Distributional Effects of Entry Fees and Taxation for Financing Public Beaches

Survey Data and Model Specification

The data come from the Great Lakes Beaches Survey,² which was conducted in 2011 and 2012 and was a statewide general population survey that consisted of two stages: a short screener survey and a web survey. To identify beachgoers, the screener survey was mailed to 32,230 Michigan adults randomly drawn from a driver’s license list. To reduce potential self-selection bias, the screener survey covered a broad range of indoor and outdoor leisure activities, among which there was only one screening question for Great Lakes beach recreation. Respondents who answered that they had visited a Great Lakes beach during two summers in 2010 and 2011 were invited to take a follow-up web survey.
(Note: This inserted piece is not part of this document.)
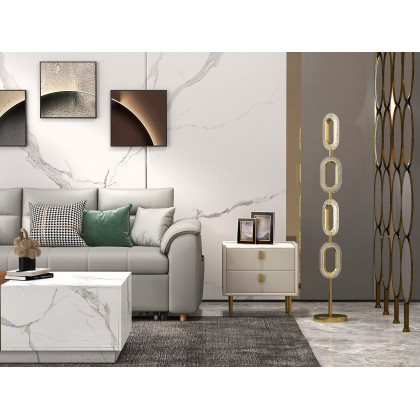 HMR Vewal 47.2" Marble & Walnut Veneer Block Coffee Table with 2 Drawers - White & Walnut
The web survey asked respondents for detailed monthly trip information on three types of trips from Memorial Day weekend to September 30, 2011: day trips (lasting a day or less), short overnight trips (less than four nights), and long overnight trips (four nights or more). For up to eight beaches visited, the survey elicited site-specific trips per month and a trip count to any remaining beaches. Respondents were also asked for more detailed questions on up to two randomly selected trips, such as date and main purpose of the trip. For trips with multiple beach destinations, we specify the destination as the beach where they spent the most time. Although most trips are day trips, short and long overnight trips are about 13% and 8% of the 19,284 total trips, respectively.
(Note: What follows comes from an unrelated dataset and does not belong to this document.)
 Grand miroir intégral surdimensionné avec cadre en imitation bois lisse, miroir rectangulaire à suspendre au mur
In the mail survey data set with 9,591 observations, 3,838 indicated they did not visit any Great Lakes beaches in 2010 or 2011, so they are defined as “nonusers” for beach recreation but were retained for modeling. The 5,737 respondents who indicated they had visited a Great Lakes beach were invited to the web survey. A total of 3,196 people responded to the web survey, for a response rate of about 59%. For demographics, respondents were asked if they were the person to whom the web survey was addressed or if they were another household member or “someone else.” To maintain consistent demographic information, we only kept the respondents to whom the web survey was addressed, which left 2,537 effective respondents from the web survey. Following the definition in Shonkwiler and Shaw (1996), we define the respondents of the web survey who took at least one trip to Great Lakes beaches from Memorial Day weekend to September 30, 2011, as “users” and those who had taken trips to Great Lakes beaches before but did not take any trip during the indicated season as “potential users.” Including the nonusers from the screener survey and users and potential users from the web survey, the effective sample size is 6,375. Among the 6,375 observations, 3,838 nonusers had not taken trips to Great Lakes beaches before. After applying the weights to the data, about 42% of the sample were nonusers during the sample season or in the two previous seasons.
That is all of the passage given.